Погоня за наслаждениями свела в единый круг людей различного происхождения, далеких друг от друга по своему положению в обществе. Империя в зените, Париж готовится к Всемирной выставке. Добыча поделена, и все, кто добился успеха, торопятся удовлетворить свои разнузданные вожделения. Подонки общества и титулованная знать оказались за одним столом. Представители древних дворянских родов и новоявленные банкиры, журналисты, проституированные актрисы и заурядные проститутки, проходимцы и сводники протянули друг другу руки. Именно такое пестрое общество изображает Золя.

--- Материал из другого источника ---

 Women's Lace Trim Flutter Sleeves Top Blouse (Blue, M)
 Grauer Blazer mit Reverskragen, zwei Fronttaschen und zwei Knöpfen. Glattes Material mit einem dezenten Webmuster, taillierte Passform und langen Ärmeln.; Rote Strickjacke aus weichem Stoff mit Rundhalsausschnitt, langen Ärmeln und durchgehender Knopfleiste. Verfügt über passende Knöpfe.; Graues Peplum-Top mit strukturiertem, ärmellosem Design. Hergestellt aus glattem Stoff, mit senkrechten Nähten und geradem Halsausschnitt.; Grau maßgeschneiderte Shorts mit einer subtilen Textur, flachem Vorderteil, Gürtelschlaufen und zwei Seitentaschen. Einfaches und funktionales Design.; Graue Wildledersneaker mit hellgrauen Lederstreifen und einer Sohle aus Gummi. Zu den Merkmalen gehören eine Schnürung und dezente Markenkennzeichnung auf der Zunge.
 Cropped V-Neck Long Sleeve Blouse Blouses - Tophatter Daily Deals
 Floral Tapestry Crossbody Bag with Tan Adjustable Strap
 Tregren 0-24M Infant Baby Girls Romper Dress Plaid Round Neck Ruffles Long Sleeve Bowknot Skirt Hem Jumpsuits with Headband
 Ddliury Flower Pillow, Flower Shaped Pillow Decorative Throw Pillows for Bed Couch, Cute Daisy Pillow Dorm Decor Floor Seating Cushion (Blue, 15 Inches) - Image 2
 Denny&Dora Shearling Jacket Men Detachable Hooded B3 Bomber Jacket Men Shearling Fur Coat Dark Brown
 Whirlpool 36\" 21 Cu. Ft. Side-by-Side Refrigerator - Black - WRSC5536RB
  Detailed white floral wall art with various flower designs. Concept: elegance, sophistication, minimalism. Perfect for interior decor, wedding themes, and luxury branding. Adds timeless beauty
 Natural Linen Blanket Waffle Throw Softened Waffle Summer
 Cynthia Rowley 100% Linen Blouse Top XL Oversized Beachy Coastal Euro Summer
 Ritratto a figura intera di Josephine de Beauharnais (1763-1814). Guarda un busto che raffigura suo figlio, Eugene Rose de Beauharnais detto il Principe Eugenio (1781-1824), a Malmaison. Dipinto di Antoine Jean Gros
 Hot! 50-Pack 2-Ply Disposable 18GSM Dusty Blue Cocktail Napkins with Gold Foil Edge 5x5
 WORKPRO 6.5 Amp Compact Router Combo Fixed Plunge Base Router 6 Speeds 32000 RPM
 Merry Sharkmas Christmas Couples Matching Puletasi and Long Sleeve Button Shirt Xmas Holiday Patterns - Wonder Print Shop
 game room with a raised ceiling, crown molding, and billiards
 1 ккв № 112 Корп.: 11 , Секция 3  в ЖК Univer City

Среди друзей Нана граф Мюфа и банкир Штейнер, журналист Фошри и маркиза де Шуар, сутенер Лабордет и юноша Гектор де ля Фалуаз, директор театра Борднав и капельмейстер Миньон, искатель богатых невест Дагене и проститутка Атласная.
Два мира, два социальных полюса оказываются бесконечно близкими друг другу. Все, что происходит в кругу светских людей, повторяется в доме Нана. Салонные нравы перекочевали в притон, а фешенебельные особняки наполнила атмосфера публичного дома. Журналист Фошри сравнивает Нана с «золотой мухой», которая родилась в предместье Парижа, выросла на улице, познала нищету, развратилась в низкопробных кабаках и теперь мстит за породивших ее обездоленных людей. «Нравственное разложение низов проникло через нее в высшее общество и, в свою очередь, разложило его».